The winning Courtyards Dialogue design was one of 123 submitted by architects from around the world. It was presented by a team of four partners and four architects led by Salah Hareedi, a professor of architecture at the University of Alexandria’s Faculty of Fine Arts.

The mosque where IS leader, Abu Bakr al-Baghdadi, made his first public appearance on July 4, 2014, was essentially destroyed during the June 21, 2017, battle for the liberation of Mosul between IS on one side and Iraqi and US forces on the other. The mosque, which dated to 1172, was famous for its leaning minaret, which had been one of its last few remaining original features. While witnesses say IS blew up the mosque during the battle before the city was retaken by the government forces and video backs this up, IS claimed, without evidence, that the structure was destroyed by US air raids.

On Nov. 17, UNESCO launched an international architectural competition for the reconstruction of the Al-Nouri Mosque complex.

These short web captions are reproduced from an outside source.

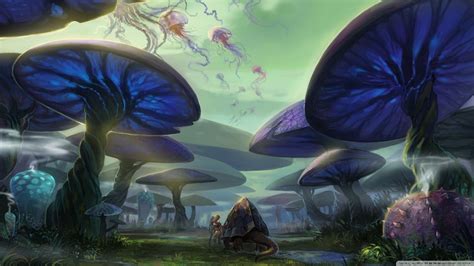 Digital Art Surreal Plants Magic Mushrooms Jellyfish Animals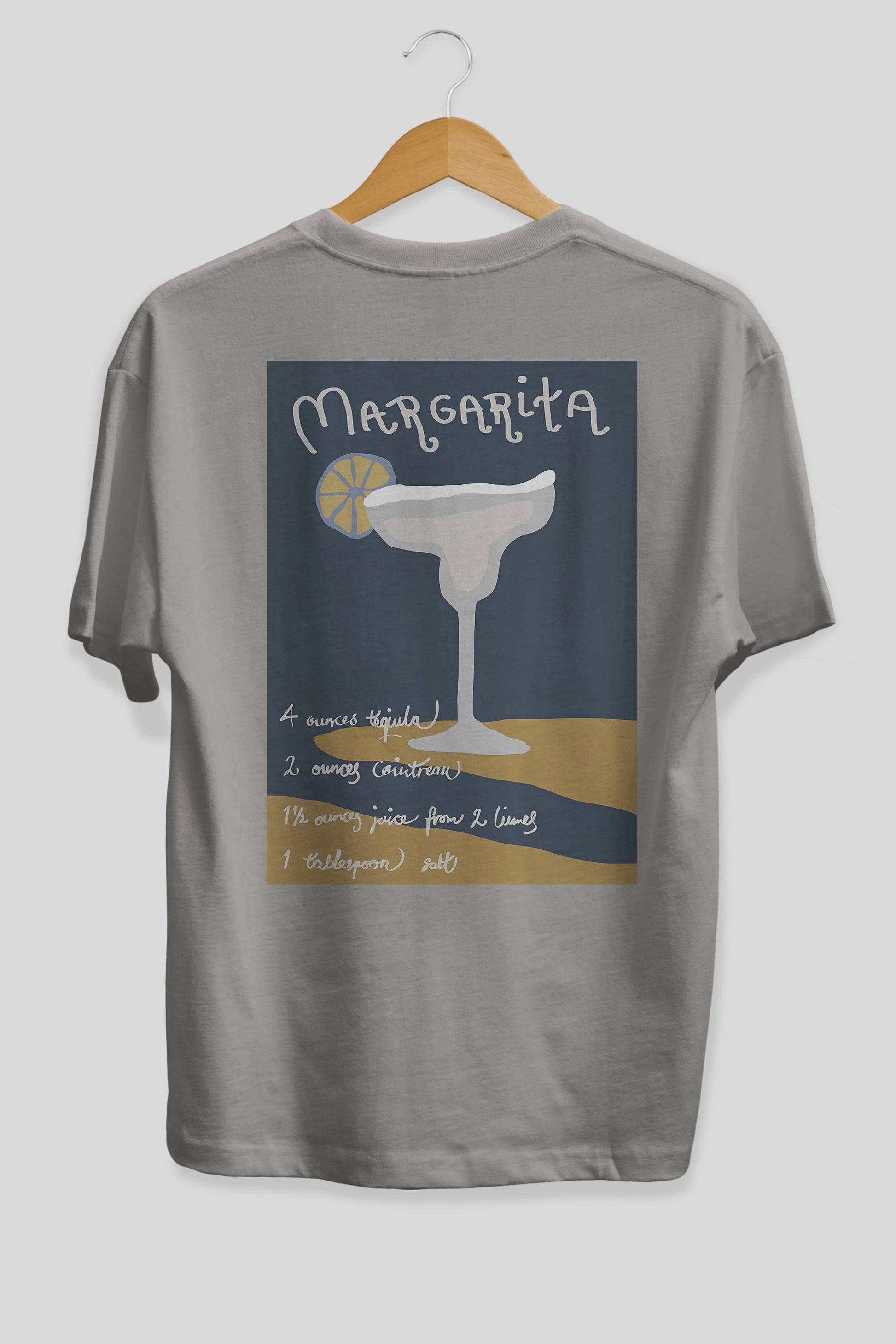 Margarita 2 Arka Baskılı Oversize t-shirt Erkek Kadın Unisex %100 Pamuk Bisiklet Yaka tişort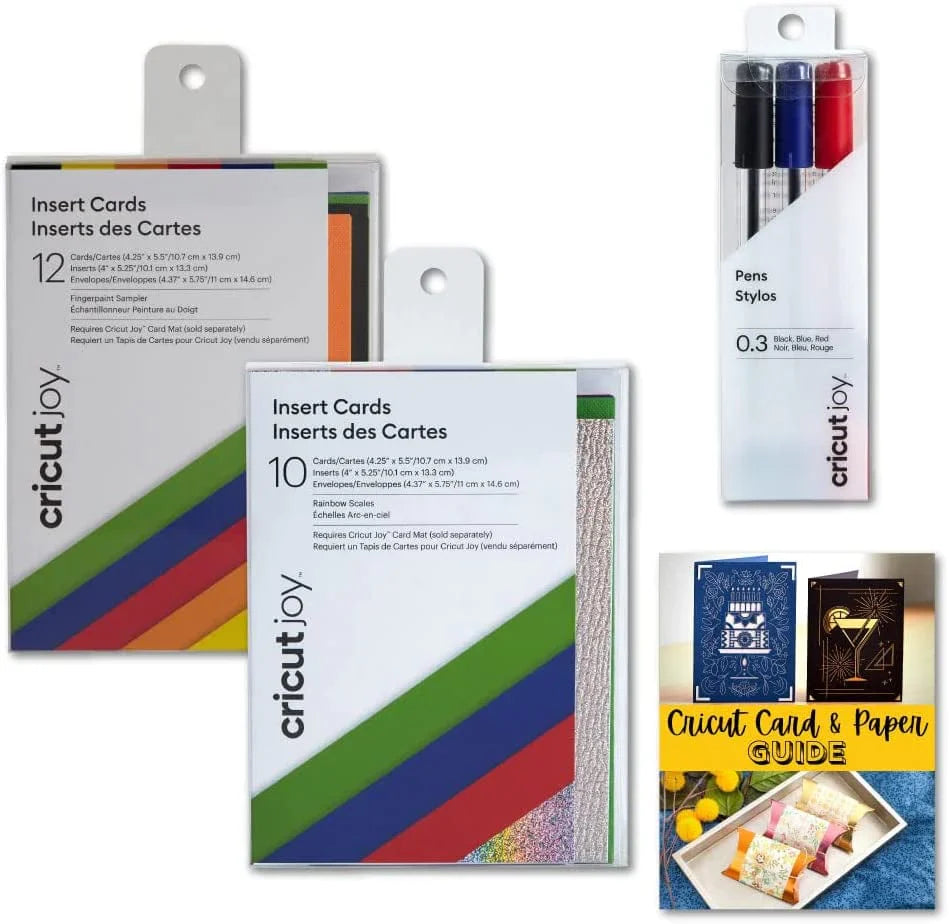Cricut Joy Machine Insert Cards Sampler and Pen Set, Silver and Gold Bundle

Participants were asked to submit a conceptual design by March that took into account the conservation of the standing structures of the mosque's prayer hall, their integration into the plan and the rehabilitation of a number of historic buildings.

Hareedi told Al-Monitor by phone that the team members studied the mosque’s history, social life in areas surrounding the complex, the nature of the site and the area's weather. He said the team utilized architects who had previously worked in Iraq.

He said the team worked hard to meet UNESCO's vision for the revived mosque to serve as a source of hope for the residents of Mosul and Iraq in general.

Hareedi said the Courtyards Dialogue name was chosen because the project is not just limited to the mosque but also includes an adjacent plot of land that is to include educational buildings, a seminar hall and a museum for the mosque. The design seeks to connect the mosque to this plot of land in an integrated way, particularly since interconnection was a key feature of the competition in light of Iraq's divisions.

A major challenge for the team, Hareedi said, was coming up with a design philosophy and then translating this into an architectural formula.

The announcement of the winning project sparked social media debate, especially among Iraqis, on whether the design fits in with Mosul’s history and culture. Some also criticized UNESCO for selecting an Egyptian proposal rather than an Iraqi one. Some said they thought the design has a Gulf character that does not suit Iraq.

Ahmed Alomary, a member of the UNESCO jury for the international competition who heads the Department of Architecture at the University of Mosul, said in a Facebook post April 17 that the winning design meets the aspirations of the people of Mosul for rebuilding the mosque as they remember it. The new design is distinguished by the improvements that the competition requires as it offers the expansion needed for the mosque while meeting the public’s desire for the return of its leaning minaret, he added.

He said the jury made a good choice in selecting the Egyptian team's design, pointing out that its use of a courtyard to connect various elements is very common in Mosul’s architectural tradition. The design involves the rehabilitation and construction of the Al-Nouri school, the Higher Institute of Art and Islamic Architecture and the multipurpose hall.  

Alomary said the competition involved a strict application of the International Union of Architects’ conditions in the absence of any interference or pressure by any party, particularly since all entries were encrypted and the jury could not tell who had presented which entry. He called for a positively response to the jury's choice while also pointing out there were only eight Iraqi entries, compared with 115 proposals from abroad.

Hareedi stressed that the project sticks to the mosque’s time-honored archaeological design and that the new elements take into account the city’s general spirit in a way that connects the old and the new.